For years, a respected annual survey of civics knowledge among American adults has provided mocking headlines about the low percentage who can't correctly name basic constitutional rights or the three branches of government.

The 2021 results are in and more can name the executive, judiciary and legislative branches than at any other time in the survey's 15-year history (though plenty still can't). But the bigger news is on a question about the deadly Jan. 6 insurrection at the U.S. Capitol, staged by supporters of former president Donald Trump trying to stop Congress from certifying Joe Biden's presidential election victory.

Respondents of the annual Constitution Day Civics Survey by the Annenberg Public Policy Center of the University of Pennsylvania were asked whether arresting people who entered the Capitol to disrupt the certification of the presidential election violated the Constitution.

The sobering results: 49% said that arresting insurrectionists violated the Constitution because the insurrectionists were only exercising their constitutional right to petition the government for redress of grievances. The breakdown who agreed with this statement: 53% of self-identified conservatives, 51% of self-identified moderates and 42% of self-described liberals.

An equal percentage of survey respondents, 49%, said the statement was not accurate and that arresting the insurrectionists did not violate the Constitution.

"It is a sad commentary on the public's civic literacy that half of the public considers an effort to disrupt the certification of an election an exercise of a First Amendment right," said Kathleen Hall Jamieson, director of the Annenberg Center.

Here are more results from the survey:

• Fifty-six percent of U.S. adults correctly named all three branches of government (executive, judicial, legislative), up from 26% in 2016, and the highest since the survey began in 2006. (That means that in 2021, a not insignificant 44% couldn't name them.

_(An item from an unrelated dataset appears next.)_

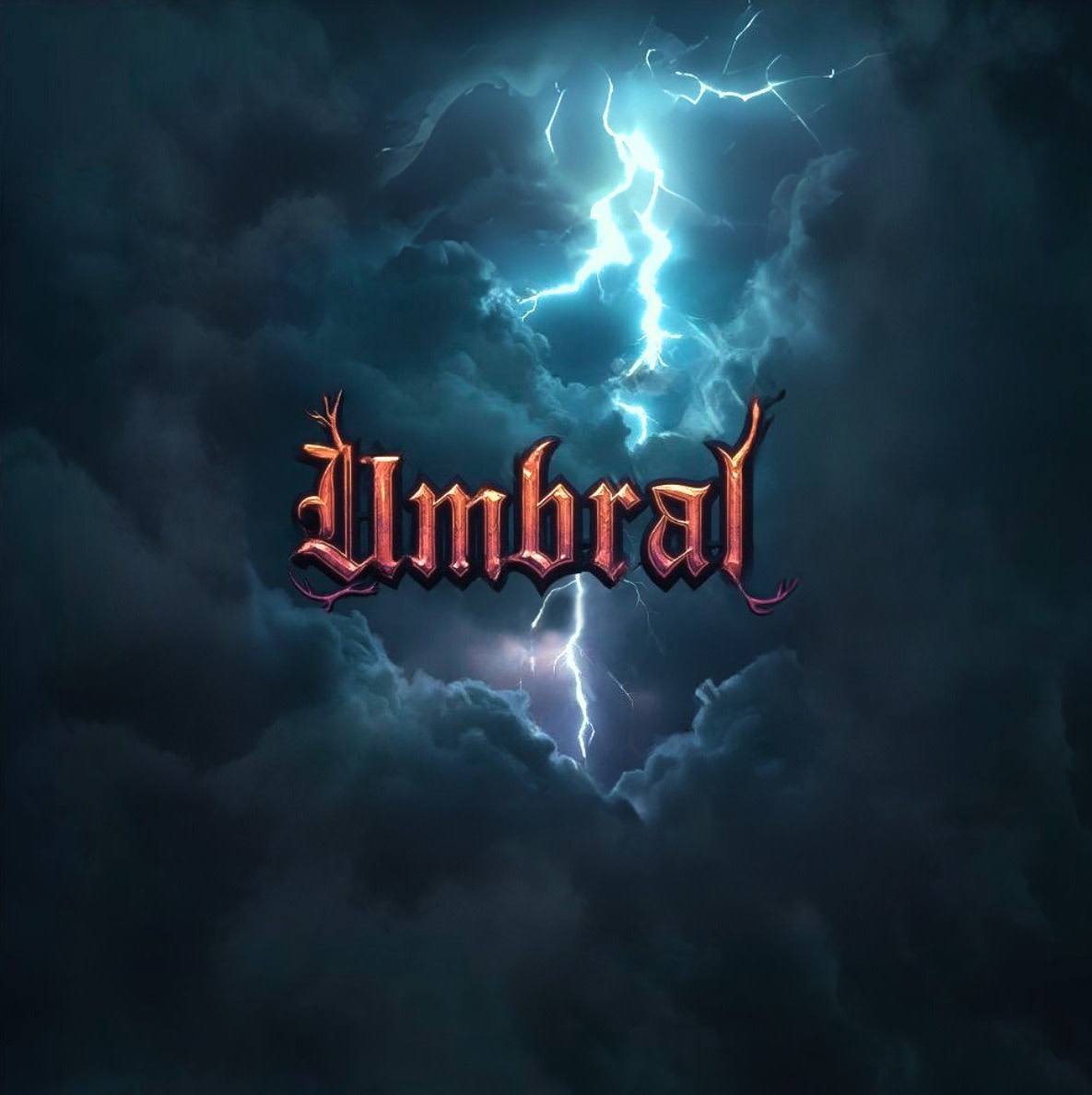 Umbral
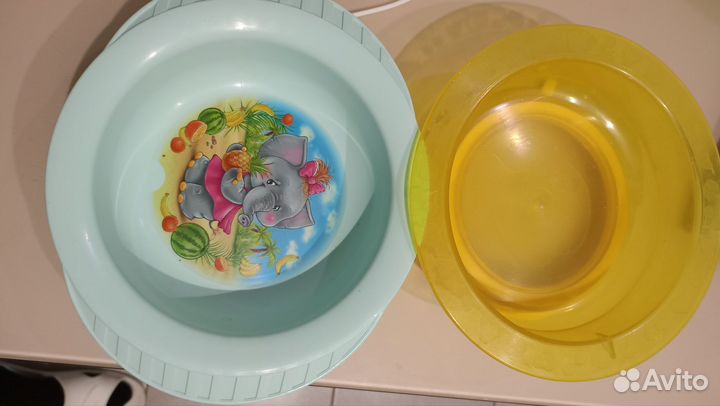 Для кормления малыша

That would apparently include Tommy Tuberville, a former Auburn football coach who, last November, had just been elected to the U.S. Senate in Alabama and talked publicly about the three branches of the federal government but misidentified them, saying "Our government wasn't set up for one group to have all three branches of government ... You know, the House, the Senate, and the executive." )

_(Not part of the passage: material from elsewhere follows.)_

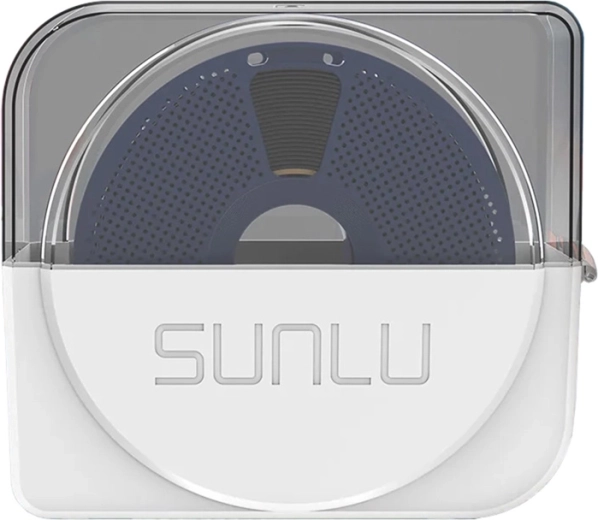 Sunlu Fila Dryer S1 Plus filamendikuivati
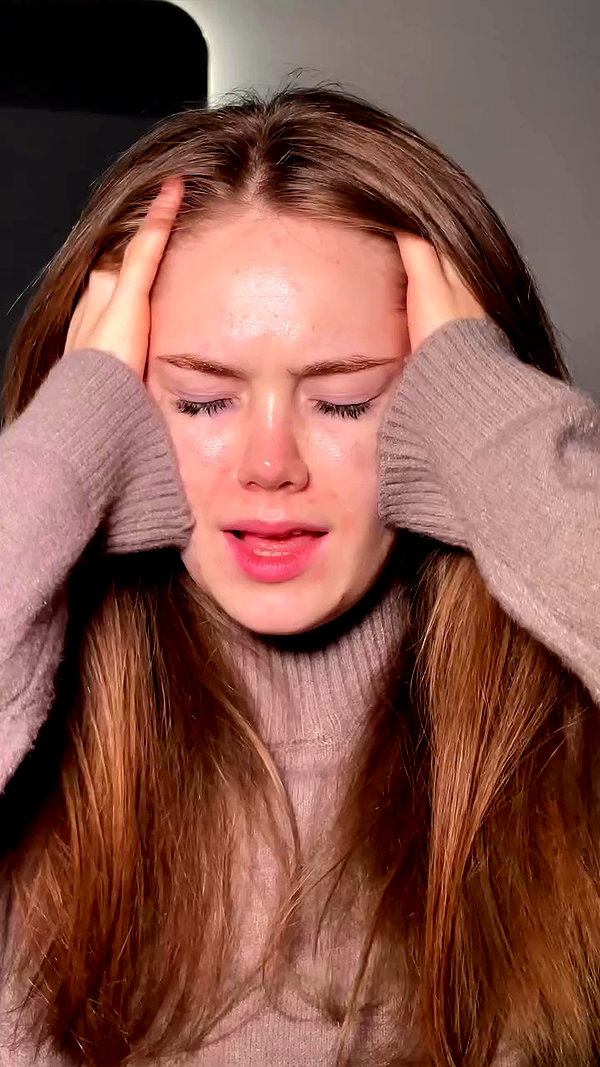 viktoria_strygina_ archive video preview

• Seventy-four percent named freedom of speech as one of the basic constitutionally protected rights; last year it was 73%. Freedom of religion was named by 56% -- up from 47% in 2020. Half of respondents could name freedom of the press, up from 42% a year ago, as a right, but only 20% named the right to petition the government, up from 14% a year ago. Thirty percent mentioned the right of people to peaceably assemble, compared with 34% in 2020.

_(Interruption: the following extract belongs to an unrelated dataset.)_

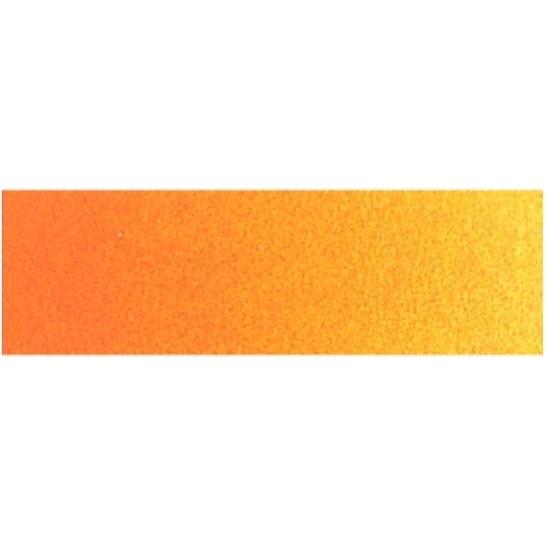 Winsor & Newton, Künstlerfarbe + Bastelfarbe, Aquarellfarbe Artists (Cadmium Yellow Deep, 5 ml)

• The respondents had more trouble understanding the First Amendment with a question about Facebook. Sixty-one percent incorrectly said Facebook, which blocked Donald Trump from its platform after accusing him of using it to "incite violent insurrection" against the government, is required to permit all Americans to express themselves freely on Facebook under the First Amendment. The breakdown: 66% of self-described conservatives said this, as did 61% of moderates and 55% of liberals. The First Amendment protects citizens from government censorship; Facebook is a private company. Only 35% of respondents knew that a U.S. senator's term is six years and 36% knew a representative serves for two years.

• Asked what it means when the Supreme Court rules 5-4 in a case, 61% correctly chose "the decision is the law and needs to be followed." But only 51% of respondents accurately said that the Supreme Court has final responsibility for determining whether an act by the president is constitutional, and they had three choices: the president, Congress or the court itself.

The nationally representative survey was launched in 2006, two years after Congress created Constitution Day, meant to increase Americans' understanding of their own government. The day falls on Sept. 17, when all schools receiving federal funding are supposed to offer an "educational program" on the Constitution. Congress doesn't define what that should be, though, and there is no prescribed penalty for schools that do not do it.

Sept. 17 was chosen because it was the last session of the 1787 Constitutional Convention in Philadelphia, during which the final version of the newly written Constitution was signed by 39 delegates.

The 2021 survey was conducted by SSRS, an independent research company, on Aug. 3-8, 2021, among 1,007 U.S. adults. It has a margin of error of plus or minus 3.8 percentage points.

After years of national lamenting about the state of civics education, there has been a push by legislatures in many states to improve it. A new initiative called Educating for American Democracy released a road map earlier this year for improving the teaching of social studies, and there is legislation in Congress concerning civics education.

And several months ago, the National Academy of Education, a nongovernmental nonprofit organization that aims to improve education with high-quality research, released a report on what civics education should look like, titled "Educating for Civic Reasoning and Discourse."

It says that beefed-up civics and history classes won't be enough to prepare young people to engage in national conversations about complex social issues and that civic learning should be distributed across all content areas from kindergarten to high school graduation.